CC: O senhor acha que, no estágio actual da crise, o uso da política monetária é eficiente?

NR: O efeito da política monetária em países desenvolvidos, como Estados Unidos e Japão, será significativamente menor. Eles estão em uma armadilha de liquidez. Há risco de deflação. Deveriam lançar mão de instrumentos não tradicionais, como facilitação de acesso ao dinheiro e o governo comprar directamente activos do sector privado. No caso dos emergentes, a política monetária será inibida em parte por causa do enfraquecimento de suas moedas e da inflação em alta. Se bem que o Brasil tem um enorme espaço para a redução do juro, em razão da desaceleração da economia.

CC: O G-20 reuniu-se recentemente e anunciou uma série de intenções para regular o mercado financeiro internacional. Para o senhor, o encontro sinalizou uma real intenção de reformular as regras de supervisão de regulação?

NR: O ponto positivo é que houve um reconhecimento de que o G-7 sozinho é incapaz de ditar as regras da economia global. Os países emergentes têm de se sentar à mesa com os desenvolvidos para discutir questões que afectam a todos. Isso é positivo. Mas levará ainda algum tempo para que as nações em desenvolvimento tenham voz activa nas discussões. De todo modo, foi um passo importante em direcção a um novo desenho de poder mundial.

CC: Ou seja, é positivo, mas irrealista agora.

NR: É um processo, não acontecerá de um dia para outro. Houve, porém, uma compreensão de que é preciso incluir os emergentes nas discussões. Parece que as negociações internacionais caminham na direcção correta.



CC: O senhor acha possível reformular os papéis de instituições como o Fundo Monetário Internacional (FMI) e o Banco Mundial?

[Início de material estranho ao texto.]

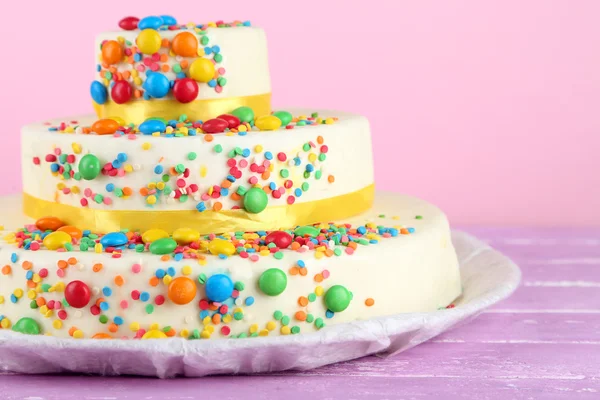 Birthday cake — Stock Photo, Image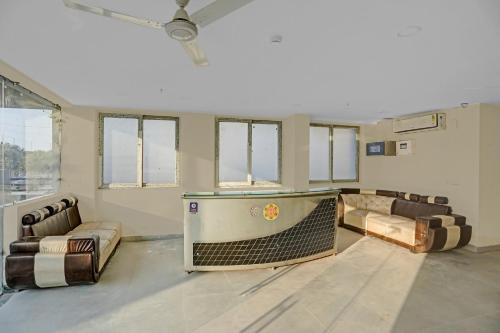 Et opholdsområde på Super Townhouse Crystal Leaf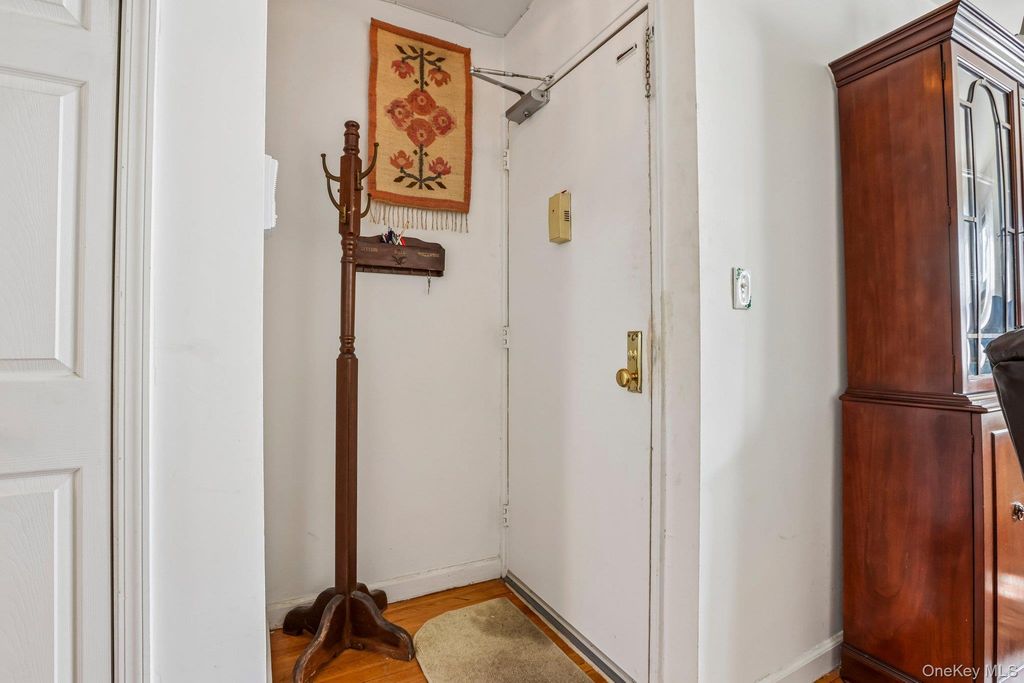 8 Dehaven Drive 1D, Yonkers, NY 10703 — photo 3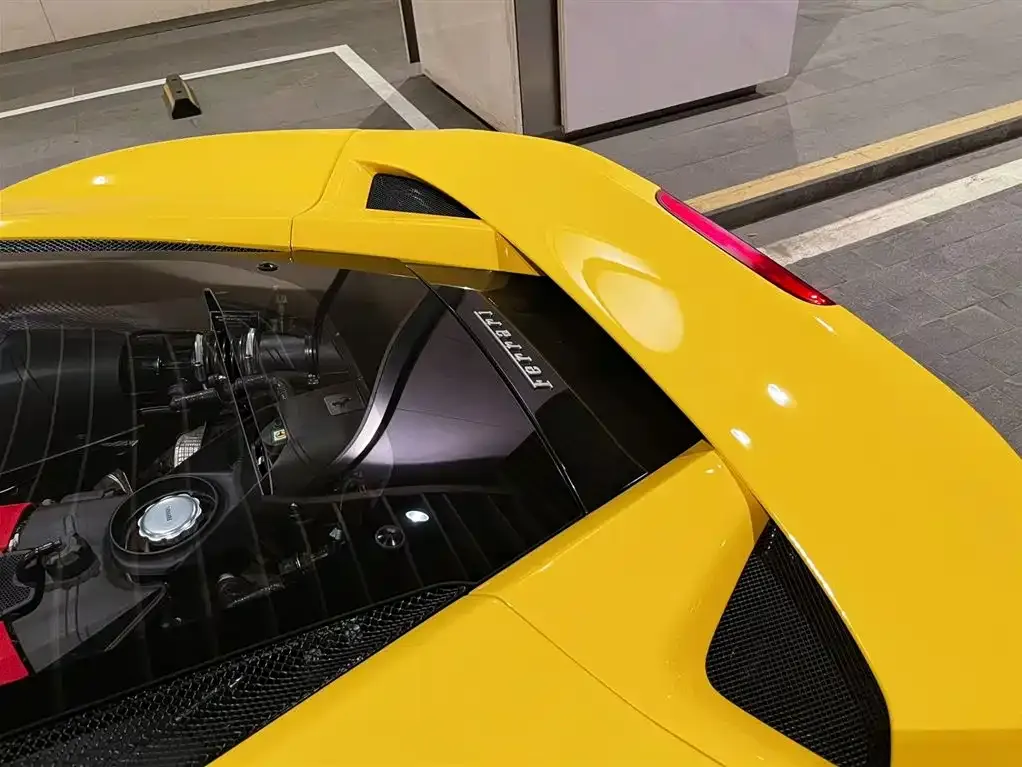 Ferrari F8 — фото 2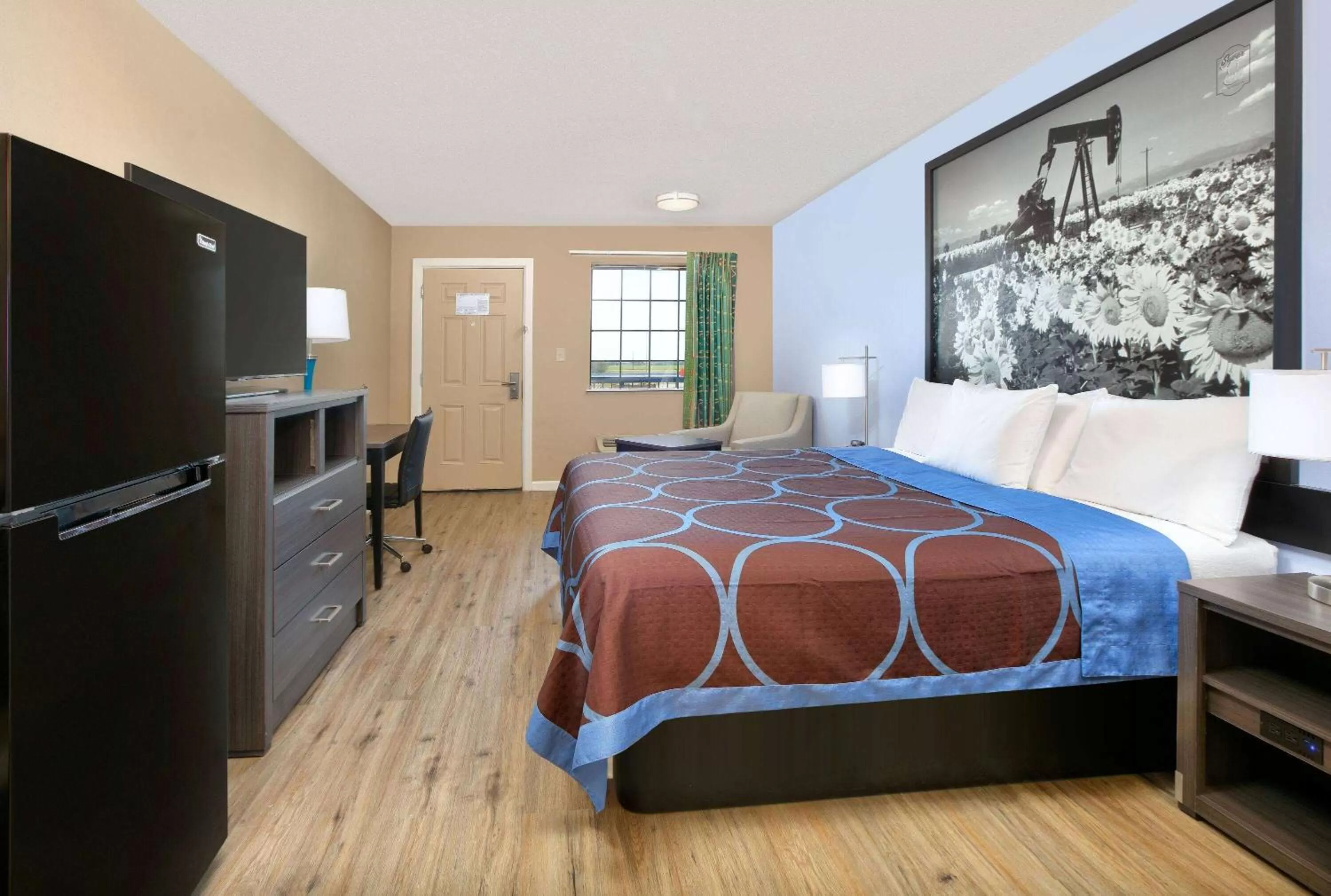 Photo of the whole room, Bed in Super 8 by Wyndham Victoria - South - Hwy 59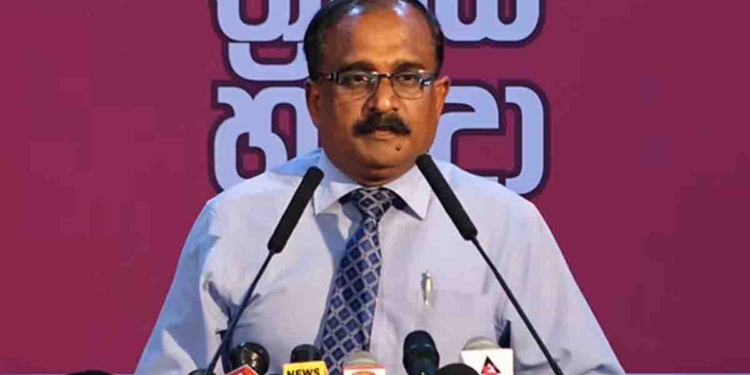 පාතාල කල්ලිවල ගැටුමක් යන්නේ! ඒකෙන් ජාතික ආරක්ෂාවට බලපෑමක් නෑ! අපි මුලු ලංකාවෙම ජාතික ආරක්ෂාව තහවුරු කරලා තියෙනවා! ජාතික ආරක්ෂාව ගැන ටියුෂන් දෙන්නම් කියපු ආරක්ෂක නියෝජ්‍ය ඇමැතිගෙන් තවත් විශේෂ ප්‍රකාශයක්!  I Sri Lanka Latest News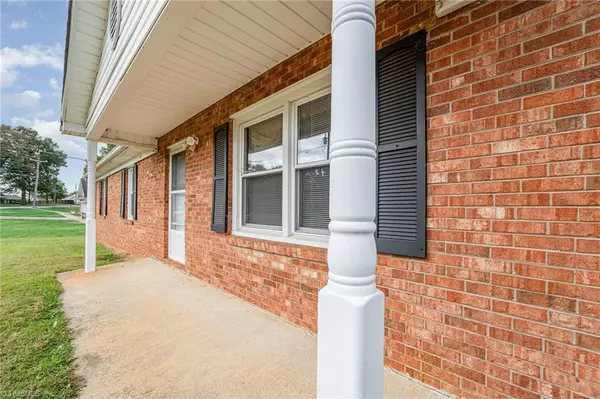 Kernersville, NC 27284,5065 Oak Garden DR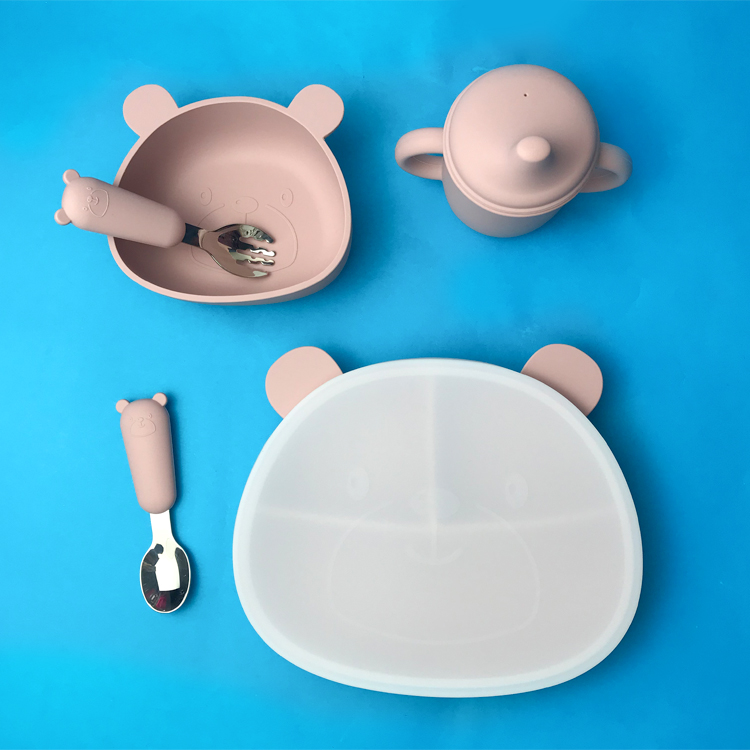 Bear Shape Silicone Baby Feeding Set 6Pcs BPA Free Suction Bowl With Lid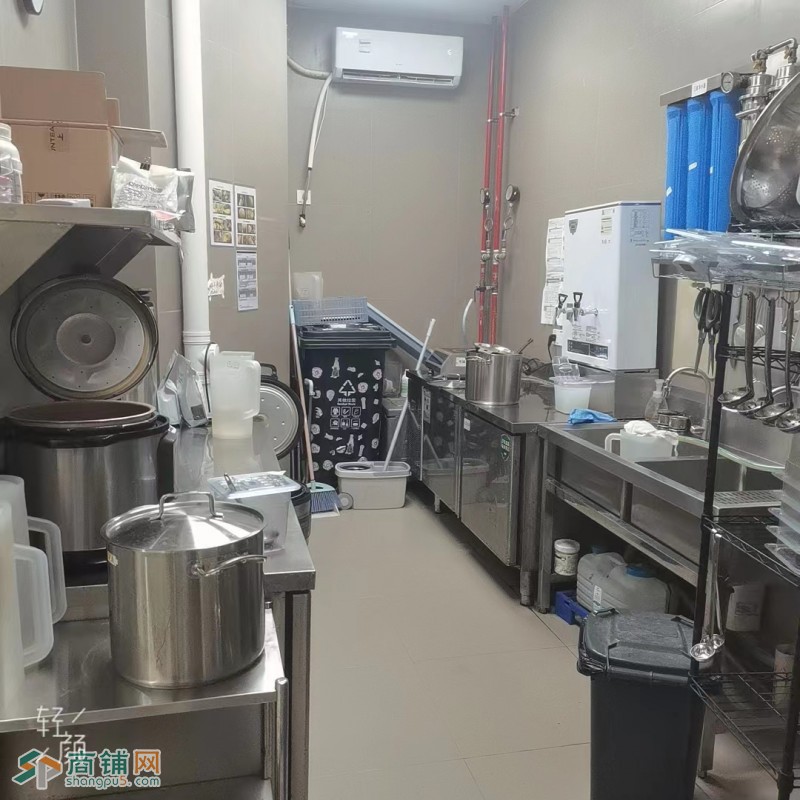 W  捡漏  光明区凤凰城  沪上阿姨 奶茶旺铺  转让图3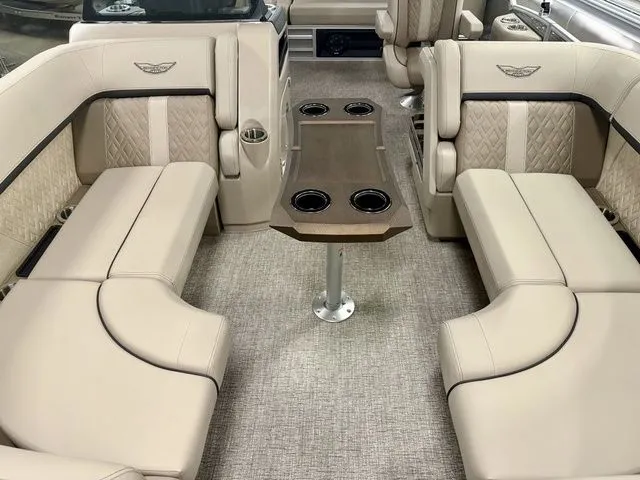 Slide: The Image of Bennington M Swingback 22 MSB 2026 - 9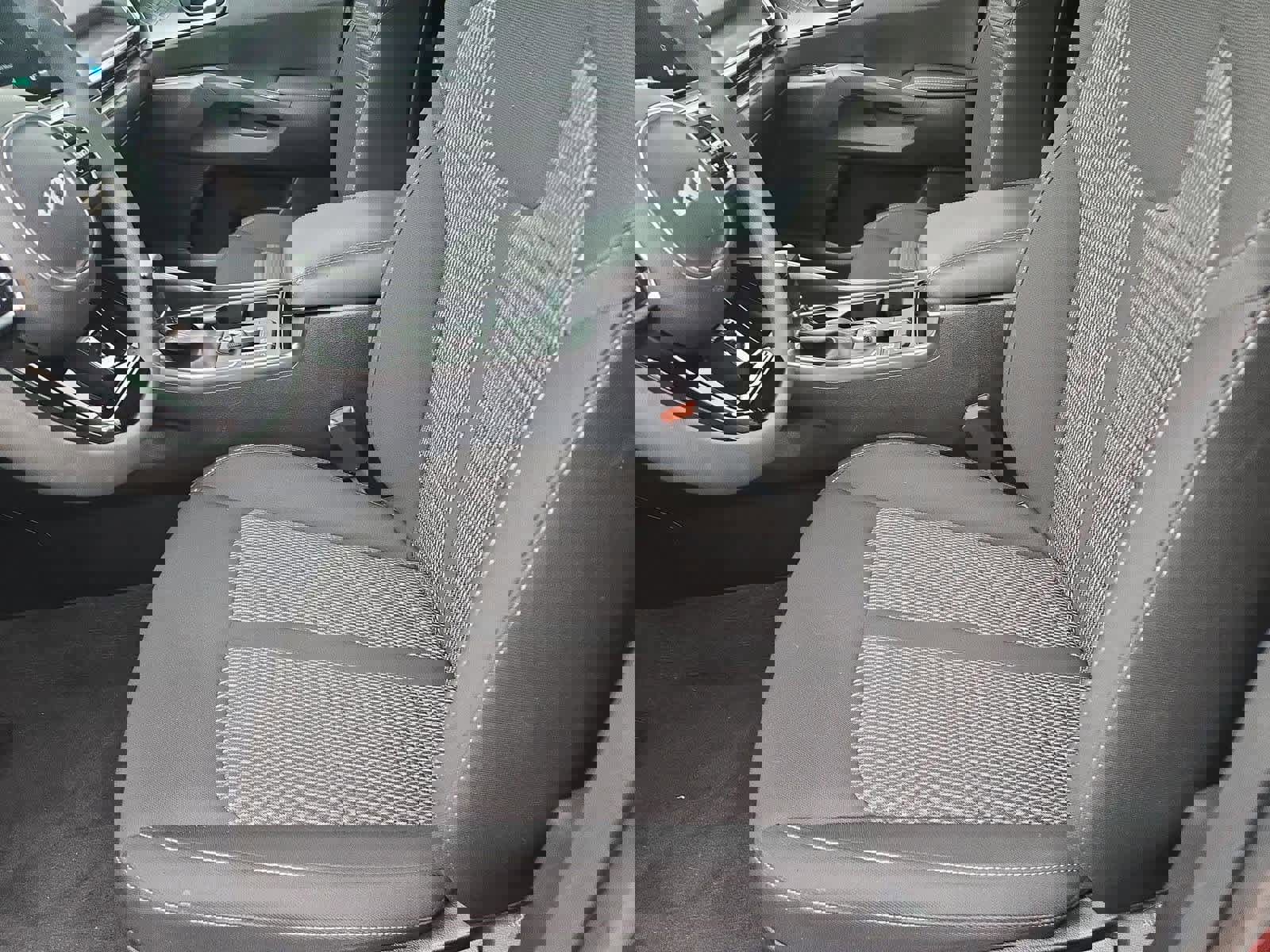 Certified 2025 Kia Sorento LX image 15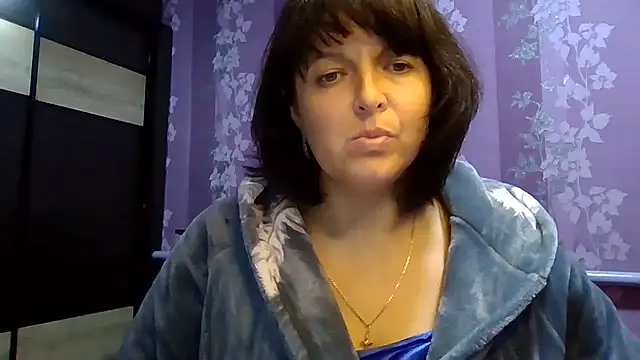 Snapshot of CountessLuna chatting on 10/27/25, 12:39 CountessLuna online show from 10/27/25, 12:39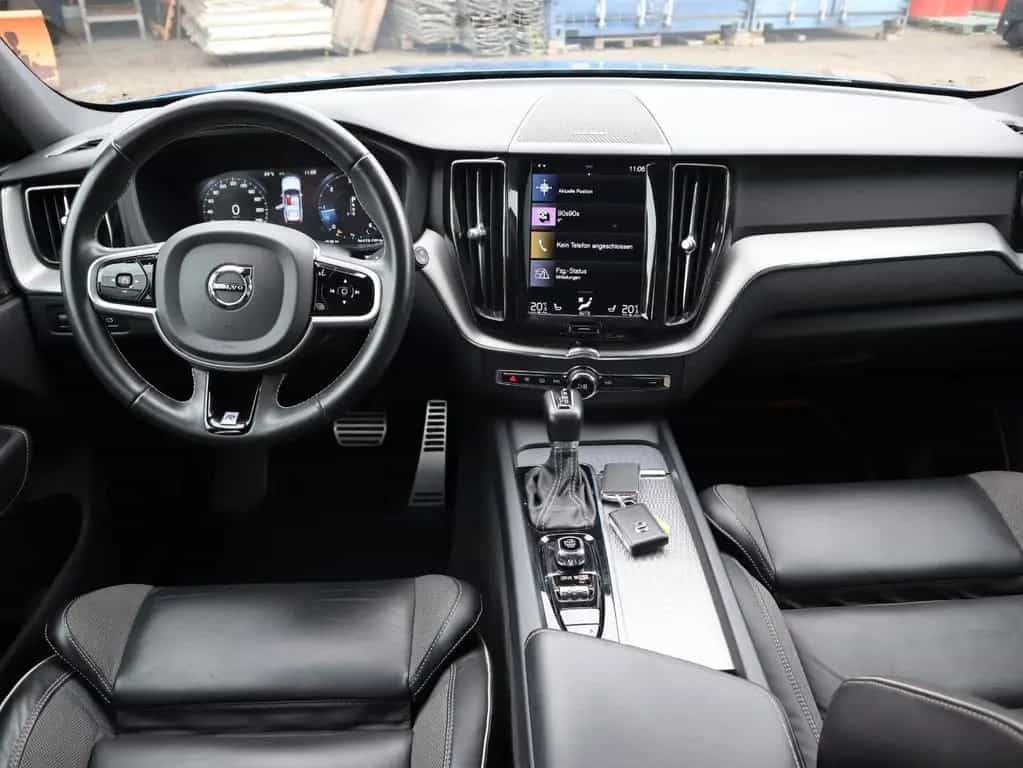 Volvo XC60 D4 R Design FWD 07/2020-photo-7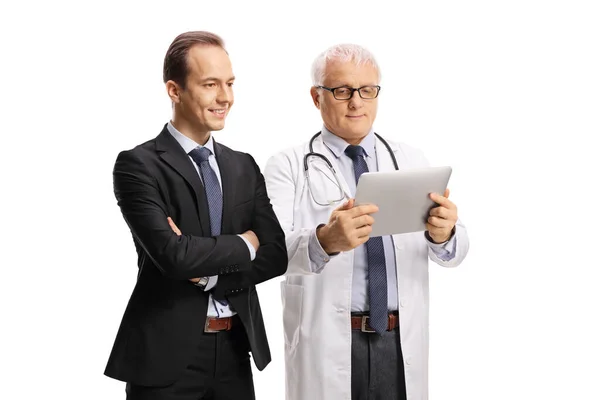 Ein Professioneller Mann Und Ein Arzt Betrachten Eine Tablette Isoliert — Stockfoto
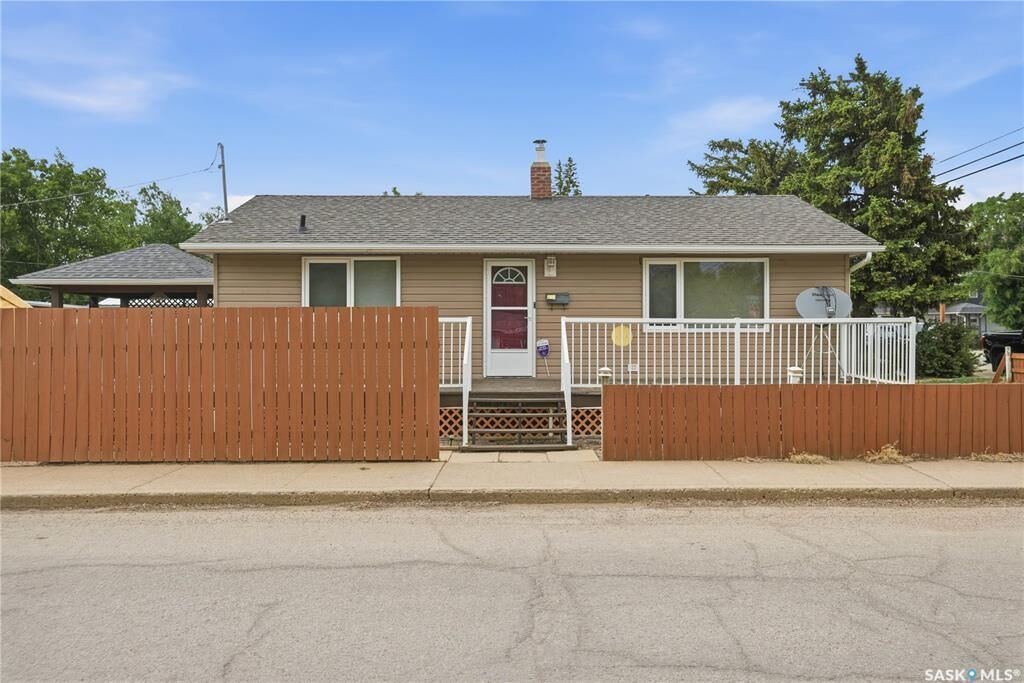 Property Photo: 1086 9th Avenue SW SK S6H 5X5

NR: Já está havendo uma reformulação, com maior representatividade dos emergentes, na questão dos votos. Especificamente em relação ao FMI, é importante que ele recupere o papel de um fórum internacional que garanta a estabilidade dos seus integrantes, assim como o Banco de Compensações Internacionais (BIS). Eles terão de retomar a função de assegurar a estabilidade financeira internacional e alertar para potenciais crises. Além disso, o FMI precisa engordar o caixa, para empréstimos urgentes, sobretudo aos emergentes, que não estão blindados da crise.

CC: O senhor tornou-se conhecido como Dr. Doom, por suas previsões sombrias. Está mais optimista agora, com a eleição de Obama?

NR: De um lado, ainda acho que haverá uma recessão global muito séria. Não vamos nos iludir. Obama tem o melhor time, que poderá pôr em prática a melhor política económica. Se as escolhas forem certas, a contracção económica poderá ser mais curta. Mas ainda estou muito pessimista, porque todo o mal já foi feito. A função do novo presidente será reduzir as perdas do sistema, mas não vai evitar a recessão. Com sorte, só sairemos dessa em 2010. O ano de 2009 está perdido.